HISB Faculty Fellows Lectures - Spring 2018
Thursday, February 15, 2018 at 4:00 PM, Rm 1008
Sohl Lee - Art Department
"The Democratic Avant-Garde: Minjung Art and Social Movement in South Korea"
As an art movement that emerged alongside the pro-democracy social movement in the 1980s, South Korea’s minjung art (or “people’s art”) not only participated in the revolution that changed the country’s political regime but also revolutionized the concept of art and art-making in the post-colonial nation. This talk is an overview of Sohl Lee’s forthcoming book on the dynamic history of minjung art and Korean democratization.
Sohl Lee is Assistant Professor of Art History and Criticism at Stony Brook University specializing in modern and contemporary art and visual culture of East Asia. Her interdisciplinary research interests include aesthetics of politics, activist art, vernacular modernism, postcolonial theory, historiography, and curatorial practice.
Tuesday, February 27, 2018 at 4:00 PM, Rm 1008
Michael Rubenstein - English Department
"Life Support: Fictions of Energy and Environment"
The postwar era in the United States is one of the most energy-intensive in human history. Yet we rarely think of periodizing, or interpreting, our cultural artifacts in terms of the energy regimes that support and shape them. Roman Polanski’s Chinatown (1974) has always been understood as a film about Los Angeles and Southern California, but I read it instead as an ur-text for American postwar energy extraction, distribution, and consumption.

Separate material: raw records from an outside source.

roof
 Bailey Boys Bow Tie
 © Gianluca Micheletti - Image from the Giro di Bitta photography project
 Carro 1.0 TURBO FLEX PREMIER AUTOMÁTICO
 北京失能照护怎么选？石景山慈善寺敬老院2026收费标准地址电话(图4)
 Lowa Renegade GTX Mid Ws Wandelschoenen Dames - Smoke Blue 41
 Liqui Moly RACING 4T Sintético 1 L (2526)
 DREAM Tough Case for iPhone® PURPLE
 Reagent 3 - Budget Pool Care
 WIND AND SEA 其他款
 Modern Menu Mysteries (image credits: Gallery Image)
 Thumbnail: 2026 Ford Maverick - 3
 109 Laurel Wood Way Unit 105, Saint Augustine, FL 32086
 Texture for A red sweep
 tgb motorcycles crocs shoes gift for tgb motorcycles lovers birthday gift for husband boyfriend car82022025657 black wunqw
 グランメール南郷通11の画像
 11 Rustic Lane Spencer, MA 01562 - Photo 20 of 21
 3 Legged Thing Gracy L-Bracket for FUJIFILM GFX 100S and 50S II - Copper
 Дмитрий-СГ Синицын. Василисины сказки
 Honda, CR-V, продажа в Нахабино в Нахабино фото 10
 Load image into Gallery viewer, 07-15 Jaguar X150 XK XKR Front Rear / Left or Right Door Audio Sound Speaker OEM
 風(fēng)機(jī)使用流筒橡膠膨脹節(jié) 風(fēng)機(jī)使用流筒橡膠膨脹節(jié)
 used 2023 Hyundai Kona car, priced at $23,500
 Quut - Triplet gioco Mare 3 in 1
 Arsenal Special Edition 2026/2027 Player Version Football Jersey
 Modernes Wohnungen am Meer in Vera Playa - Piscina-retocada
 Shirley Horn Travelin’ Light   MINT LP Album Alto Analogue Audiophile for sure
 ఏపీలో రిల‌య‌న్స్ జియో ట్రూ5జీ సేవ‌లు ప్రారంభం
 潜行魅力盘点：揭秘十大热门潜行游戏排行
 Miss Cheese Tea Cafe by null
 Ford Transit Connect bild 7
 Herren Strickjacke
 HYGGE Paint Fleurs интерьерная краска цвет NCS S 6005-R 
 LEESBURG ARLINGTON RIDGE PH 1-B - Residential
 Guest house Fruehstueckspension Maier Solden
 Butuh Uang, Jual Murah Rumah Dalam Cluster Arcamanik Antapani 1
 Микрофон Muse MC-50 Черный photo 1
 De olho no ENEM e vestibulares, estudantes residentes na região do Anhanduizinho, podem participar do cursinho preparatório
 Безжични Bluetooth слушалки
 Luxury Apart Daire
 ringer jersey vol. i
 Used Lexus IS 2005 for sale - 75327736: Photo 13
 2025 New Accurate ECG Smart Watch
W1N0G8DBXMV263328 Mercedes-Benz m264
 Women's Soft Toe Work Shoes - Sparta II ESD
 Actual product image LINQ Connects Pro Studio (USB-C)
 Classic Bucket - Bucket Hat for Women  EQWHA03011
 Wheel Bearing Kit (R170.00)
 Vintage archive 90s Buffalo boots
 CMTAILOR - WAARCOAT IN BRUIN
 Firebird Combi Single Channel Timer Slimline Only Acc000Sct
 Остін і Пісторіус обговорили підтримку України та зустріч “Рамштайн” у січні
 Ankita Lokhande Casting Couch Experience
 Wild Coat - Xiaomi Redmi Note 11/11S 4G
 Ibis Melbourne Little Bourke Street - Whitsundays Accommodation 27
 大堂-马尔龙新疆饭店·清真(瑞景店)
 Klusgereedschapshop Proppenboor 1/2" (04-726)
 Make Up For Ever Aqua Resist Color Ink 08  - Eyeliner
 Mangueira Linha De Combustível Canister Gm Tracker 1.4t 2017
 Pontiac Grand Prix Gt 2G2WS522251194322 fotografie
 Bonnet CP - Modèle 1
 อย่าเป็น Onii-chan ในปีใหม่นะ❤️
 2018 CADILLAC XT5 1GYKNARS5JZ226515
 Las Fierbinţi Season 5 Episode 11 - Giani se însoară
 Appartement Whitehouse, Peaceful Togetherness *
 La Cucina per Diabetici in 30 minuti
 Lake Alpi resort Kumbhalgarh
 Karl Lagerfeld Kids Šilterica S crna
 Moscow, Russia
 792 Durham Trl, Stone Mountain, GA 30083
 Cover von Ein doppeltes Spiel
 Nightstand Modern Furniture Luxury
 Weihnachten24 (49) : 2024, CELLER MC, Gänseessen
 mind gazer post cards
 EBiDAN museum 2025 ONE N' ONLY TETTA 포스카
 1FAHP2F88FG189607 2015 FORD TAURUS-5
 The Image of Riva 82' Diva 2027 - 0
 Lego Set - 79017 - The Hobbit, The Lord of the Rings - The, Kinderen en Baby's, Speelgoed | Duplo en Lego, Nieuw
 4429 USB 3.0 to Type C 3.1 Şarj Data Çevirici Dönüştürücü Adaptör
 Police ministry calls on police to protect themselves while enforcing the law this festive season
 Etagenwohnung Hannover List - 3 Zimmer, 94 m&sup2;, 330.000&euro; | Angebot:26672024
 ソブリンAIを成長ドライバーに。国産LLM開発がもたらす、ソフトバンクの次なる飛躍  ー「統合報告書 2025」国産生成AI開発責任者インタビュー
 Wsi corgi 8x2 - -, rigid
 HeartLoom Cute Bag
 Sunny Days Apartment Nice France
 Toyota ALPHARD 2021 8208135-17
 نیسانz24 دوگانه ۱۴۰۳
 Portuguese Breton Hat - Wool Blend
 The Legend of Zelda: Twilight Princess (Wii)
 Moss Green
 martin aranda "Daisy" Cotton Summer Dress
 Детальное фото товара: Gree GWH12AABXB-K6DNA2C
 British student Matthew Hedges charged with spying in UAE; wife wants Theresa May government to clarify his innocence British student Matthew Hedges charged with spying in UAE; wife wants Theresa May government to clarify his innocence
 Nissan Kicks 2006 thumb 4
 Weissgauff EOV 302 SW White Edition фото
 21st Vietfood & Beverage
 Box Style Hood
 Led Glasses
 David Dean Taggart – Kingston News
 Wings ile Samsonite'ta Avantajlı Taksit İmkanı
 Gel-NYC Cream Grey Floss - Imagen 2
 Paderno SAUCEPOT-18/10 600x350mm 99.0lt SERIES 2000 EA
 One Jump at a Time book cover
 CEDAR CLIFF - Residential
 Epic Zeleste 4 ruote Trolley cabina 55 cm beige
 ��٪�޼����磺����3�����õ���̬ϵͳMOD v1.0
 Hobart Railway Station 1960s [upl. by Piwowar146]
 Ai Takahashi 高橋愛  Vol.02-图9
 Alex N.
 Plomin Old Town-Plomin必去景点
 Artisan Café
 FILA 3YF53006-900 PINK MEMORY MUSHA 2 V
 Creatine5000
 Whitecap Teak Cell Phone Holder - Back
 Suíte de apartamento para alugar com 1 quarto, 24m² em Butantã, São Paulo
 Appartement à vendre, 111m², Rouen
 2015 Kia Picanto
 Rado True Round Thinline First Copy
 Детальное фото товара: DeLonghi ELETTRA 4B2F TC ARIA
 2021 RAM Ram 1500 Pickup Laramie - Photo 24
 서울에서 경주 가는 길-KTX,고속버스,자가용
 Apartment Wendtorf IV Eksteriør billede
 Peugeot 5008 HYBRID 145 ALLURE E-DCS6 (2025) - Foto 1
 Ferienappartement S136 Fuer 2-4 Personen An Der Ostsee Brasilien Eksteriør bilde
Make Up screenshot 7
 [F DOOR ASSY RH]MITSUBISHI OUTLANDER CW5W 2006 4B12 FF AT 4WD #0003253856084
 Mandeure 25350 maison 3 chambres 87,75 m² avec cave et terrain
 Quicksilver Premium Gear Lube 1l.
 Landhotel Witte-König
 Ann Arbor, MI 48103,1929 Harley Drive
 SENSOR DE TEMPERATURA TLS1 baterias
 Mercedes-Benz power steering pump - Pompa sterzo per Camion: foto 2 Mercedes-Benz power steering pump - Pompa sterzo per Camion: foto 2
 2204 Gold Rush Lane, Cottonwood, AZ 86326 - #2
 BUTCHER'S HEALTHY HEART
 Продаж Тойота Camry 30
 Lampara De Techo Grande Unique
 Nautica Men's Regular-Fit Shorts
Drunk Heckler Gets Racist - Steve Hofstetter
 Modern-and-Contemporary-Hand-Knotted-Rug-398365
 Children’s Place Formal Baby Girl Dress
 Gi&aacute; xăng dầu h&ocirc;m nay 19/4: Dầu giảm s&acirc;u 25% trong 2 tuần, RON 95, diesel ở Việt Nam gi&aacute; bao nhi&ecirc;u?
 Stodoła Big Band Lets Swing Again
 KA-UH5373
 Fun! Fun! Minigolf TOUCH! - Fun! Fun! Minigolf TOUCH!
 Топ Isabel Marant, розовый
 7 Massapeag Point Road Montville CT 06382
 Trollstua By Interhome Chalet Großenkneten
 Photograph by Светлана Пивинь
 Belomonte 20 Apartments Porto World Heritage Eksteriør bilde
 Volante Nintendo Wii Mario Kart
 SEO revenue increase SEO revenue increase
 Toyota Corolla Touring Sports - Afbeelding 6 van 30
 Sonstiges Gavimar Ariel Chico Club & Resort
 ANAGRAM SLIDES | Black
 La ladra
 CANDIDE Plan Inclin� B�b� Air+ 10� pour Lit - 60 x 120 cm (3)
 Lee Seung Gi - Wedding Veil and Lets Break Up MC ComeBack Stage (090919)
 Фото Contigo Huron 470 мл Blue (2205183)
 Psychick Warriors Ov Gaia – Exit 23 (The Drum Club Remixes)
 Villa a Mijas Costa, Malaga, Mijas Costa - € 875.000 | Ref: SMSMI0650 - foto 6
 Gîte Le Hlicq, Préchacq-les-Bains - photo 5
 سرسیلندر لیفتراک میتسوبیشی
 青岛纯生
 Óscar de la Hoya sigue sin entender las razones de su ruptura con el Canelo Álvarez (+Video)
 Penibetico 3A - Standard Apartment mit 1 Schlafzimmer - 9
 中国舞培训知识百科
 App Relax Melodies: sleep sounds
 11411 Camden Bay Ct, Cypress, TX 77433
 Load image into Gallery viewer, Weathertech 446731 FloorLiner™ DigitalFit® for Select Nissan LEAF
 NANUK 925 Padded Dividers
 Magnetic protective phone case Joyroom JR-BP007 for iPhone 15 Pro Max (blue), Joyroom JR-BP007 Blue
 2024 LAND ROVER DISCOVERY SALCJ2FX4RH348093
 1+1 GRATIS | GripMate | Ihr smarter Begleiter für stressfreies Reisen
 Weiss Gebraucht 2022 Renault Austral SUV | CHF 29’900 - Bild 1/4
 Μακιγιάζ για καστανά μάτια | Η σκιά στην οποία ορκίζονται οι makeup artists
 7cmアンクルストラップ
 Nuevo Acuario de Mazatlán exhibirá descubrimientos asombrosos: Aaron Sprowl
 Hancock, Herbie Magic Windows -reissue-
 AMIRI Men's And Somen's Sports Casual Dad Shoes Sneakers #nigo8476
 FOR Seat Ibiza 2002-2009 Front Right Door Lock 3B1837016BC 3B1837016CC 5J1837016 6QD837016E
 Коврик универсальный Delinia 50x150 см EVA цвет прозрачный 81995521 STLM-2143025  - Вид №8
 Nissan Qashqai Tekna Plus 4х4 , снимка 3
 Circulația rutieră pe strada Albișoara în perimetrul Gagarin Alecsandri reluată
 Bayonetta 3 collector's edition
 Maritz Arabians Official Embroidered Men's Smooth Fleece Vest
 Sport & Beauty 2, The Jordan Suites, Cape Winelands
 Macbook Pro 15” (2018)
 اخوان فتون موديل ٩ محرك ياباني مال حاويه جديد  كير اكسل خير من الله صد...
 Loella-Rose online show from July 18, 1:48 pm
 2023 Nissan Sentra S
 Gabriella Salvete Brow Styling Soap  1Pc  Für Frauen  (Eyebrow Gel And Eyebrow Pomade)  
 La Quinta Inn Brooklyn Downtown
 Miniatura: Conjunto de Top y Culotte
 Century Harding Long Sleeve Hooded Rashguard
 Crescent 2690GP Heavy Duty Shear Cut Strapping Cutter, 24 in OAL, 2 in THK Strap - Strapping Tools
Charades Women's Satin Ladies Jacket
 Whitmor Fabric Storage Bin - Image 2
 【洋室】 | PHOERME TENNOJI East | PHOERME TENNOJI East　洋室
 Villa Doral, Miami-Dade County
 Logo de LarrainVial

Michael Rubenstein Associate Professor of English at Stony Brook University. He is the author of Public Works: Infrastructure, Irish Modernism, and the Postcolonial, which received the Modernist Studies Association Prize for a distinguished book and the American Conference for Irish Studies Robert Rhodes Prize for the Book on Literature. He is co-editor, with Sophia Beal and Bruce Robbins, of a special issue of Modern Fiction Studies on "Infrastructuralism" and is currently working on a new book, Unaccountable Growth, which examines questions of economic, infrastructural, and characterological development in recent fictions from and / or about the Global South.